< Psalmen 130 >
1 Een lied Hammaaloth. Uit de diepten roep ik tot U, o HEERE!
A Song of degrees. Out of the depths have I cried unto thee, O LORD.
2 HEERE! hoor naar mijn stem; laat Uw oren opmerkende zijn op de stem mijner smekingen.
Lord, hear my voice: let thine ears be attentive to the voice of my supplications.
3 Zo Gij, HEERE! de ongerechtigheden gadeslaat; HEERE! wie zal bestaan?
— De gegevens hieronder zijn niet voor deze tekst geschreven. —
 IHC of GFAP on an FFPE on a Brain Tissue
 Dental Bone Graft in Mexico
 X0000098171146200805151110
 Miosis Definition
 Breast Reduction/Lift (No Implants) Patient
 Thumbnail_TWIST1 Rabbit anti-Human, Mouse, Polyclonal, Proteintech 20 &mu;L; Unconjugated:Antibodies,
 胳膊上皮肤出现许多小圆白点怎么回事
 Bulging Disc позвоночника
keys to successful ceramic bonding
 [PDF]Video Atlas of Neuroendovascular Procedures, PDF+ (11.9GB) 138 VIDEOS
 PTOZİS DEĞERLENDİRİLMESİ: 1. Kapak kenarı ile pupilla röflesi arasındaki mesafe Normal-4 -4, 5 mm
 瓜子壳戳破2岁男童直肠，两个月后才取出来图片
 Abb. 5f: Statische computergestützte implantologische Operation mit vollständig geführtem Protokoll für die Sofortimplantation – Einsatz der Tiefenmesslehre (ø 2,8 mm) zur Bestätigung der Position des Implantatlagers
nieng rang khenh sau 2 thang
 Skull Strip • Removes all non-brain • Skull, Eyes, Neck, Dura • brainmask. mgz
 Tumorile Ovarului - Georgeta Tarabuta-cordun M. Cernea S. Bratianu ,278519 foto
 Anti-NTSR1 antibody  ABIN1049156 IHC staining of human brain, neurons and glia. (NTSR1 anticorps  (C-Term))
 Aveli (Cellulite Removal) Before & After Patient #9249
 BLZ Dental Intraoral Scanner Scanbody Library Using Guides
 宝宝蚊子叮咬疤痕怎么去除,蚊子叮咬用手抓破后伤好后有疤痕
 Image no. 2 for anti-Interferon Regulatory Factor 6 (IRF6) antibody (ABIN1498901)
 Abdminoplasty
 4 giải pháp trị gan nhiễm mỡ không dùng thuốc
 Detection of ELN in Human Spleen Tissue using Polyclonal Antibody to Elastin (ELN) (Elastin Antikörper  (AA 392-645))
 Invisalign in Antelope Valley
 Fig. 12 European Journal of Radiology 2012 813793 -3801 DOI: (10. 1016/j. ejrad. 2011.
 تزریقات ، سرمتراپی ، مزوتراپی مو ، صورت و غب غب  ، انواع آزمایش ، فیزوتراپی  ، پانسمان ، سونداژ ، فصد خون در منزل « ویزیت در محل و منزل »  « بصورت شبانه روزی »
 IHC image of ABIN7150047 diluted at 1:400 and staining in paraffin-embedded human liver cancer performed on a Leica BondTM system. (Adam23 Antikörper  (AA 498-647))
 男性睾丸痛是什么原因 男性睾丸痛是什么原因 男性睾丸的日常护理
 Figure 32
If thou, LORD, shouldest mark iniquities, O Lord, who shall stand?
4 Maar bij U is vergeving, opdat Gij gevreesd wordt.
But [there is] forgiveness with thee, that thou mayest be feared.
5 Ik verwacht den HEERE; mijn ziel verwacht, en ik hoop op Zijn Woord.
I wait for the LORD, my soul doth wait, and in his word do I hope.
6 Mijn ziel wacht op den HEERE, meer dan de wachters op den morgen; de wachters op den morgen.
My soul [waiteth] for the Lord more than they that watch for the morning: [I say, more than] they that watch for the morning.
7 Israel hope op den HEERE; want bij den HEERE is goedertierenheid, en bij Hem is veel verlossing.
Let Israel hope in the LORD: for with the LORD [there is] mercy, and with him [is] plenteous redemption.
8 En Hij zal Israel verlossen van al zijn ongerechtigheden.
And he shall redeem Israel from all his iniquities.